一方、文章の「文体」からAI利用を推測する手法の限界を受け、AI開発側が生成時に「電子透かし(ウォーターマーク)」を埋め込む動きも広がっている。米AI企業アンソロピックは、欧州連合(EU)のAI規制法(生成コンテンツの表示義務)に対応するため、AIモデル「クロード」が作成した文章に統計的な電子透かしを適用する方針を発表した。
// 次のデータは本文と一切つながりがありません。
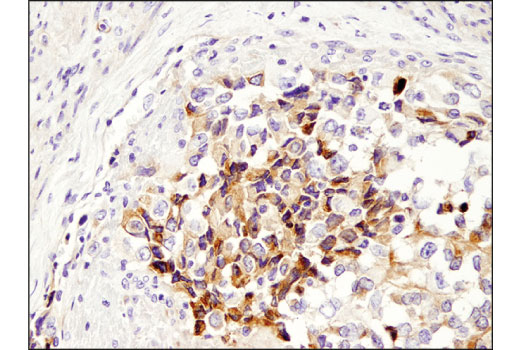  Image 23: Cancer-associated Growth Factor Antibody Sampler Kit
しかし、わずかな文法修正だけでは透かしが残らなかったり、逆に単なる推敲ツールとして使っただけでも「AI作成」と判定されてしまったりするなど、依然として課題は多い。
パングラムのマックス・スフェロ最高経営責任者(CEO)は「AIを活用して文章を書く人々への魔女狩りにつながってはならない」と警鐘を鳴らしており、AI利用が疑われる場合でも、下書きや変更履歴の確認など人間による慎重な見極めが求められている。